## Your assignment
Could you copy exactly the lines below, beginning at the line with "瞎眼主母有毒，不做也罢大结局，端木静姝小说无广告阅读-维C文学" and stopping after the line with "Kanojo ga Mimai", with no pictures?

Excerpted data Start Marker

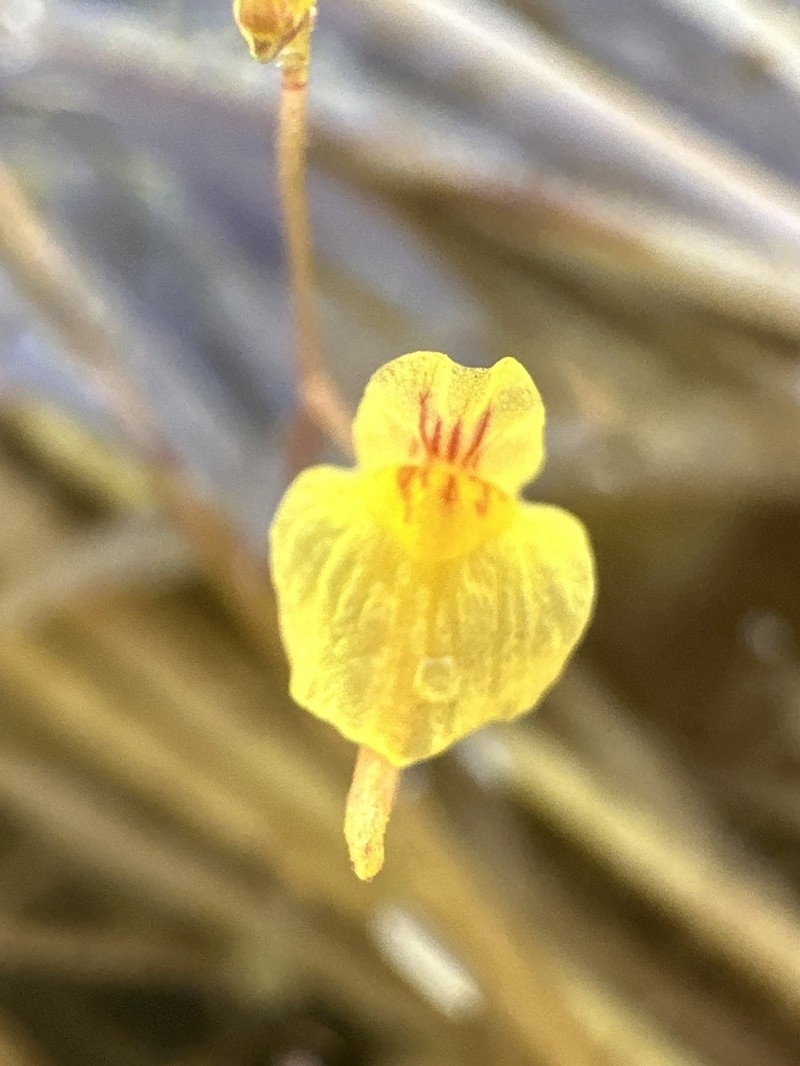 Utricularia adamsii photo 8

Excerpted data End Marker
Excerpted data Start Marker

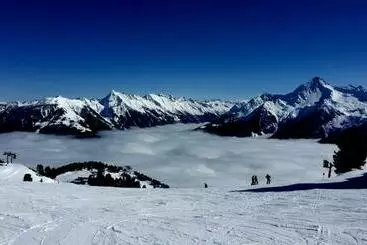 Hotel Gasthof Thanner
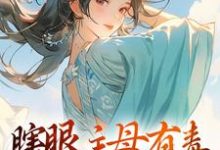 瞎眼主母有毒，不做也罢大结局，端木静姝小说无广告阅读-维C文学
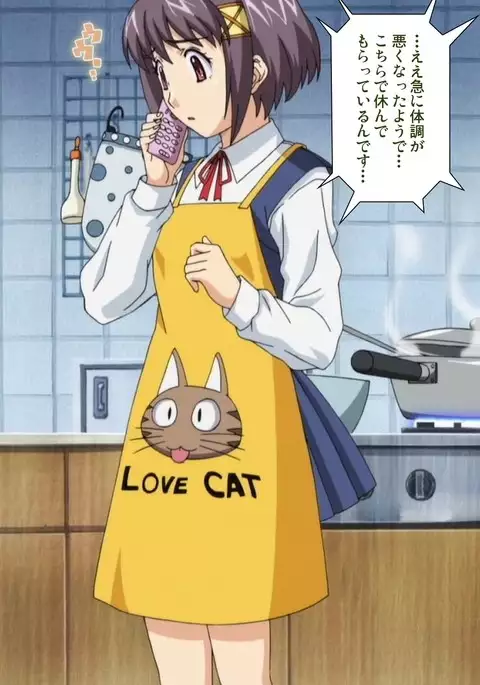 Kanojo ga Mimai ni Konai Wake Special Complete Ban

Excerpted data End Marker

## Your solution
 瞎眼主母有毒，不做也罢大结局，端木静姝小说无广告阅读-维C文学
 Kanojo ga Mimai ni Konai Wake Special Complete Ban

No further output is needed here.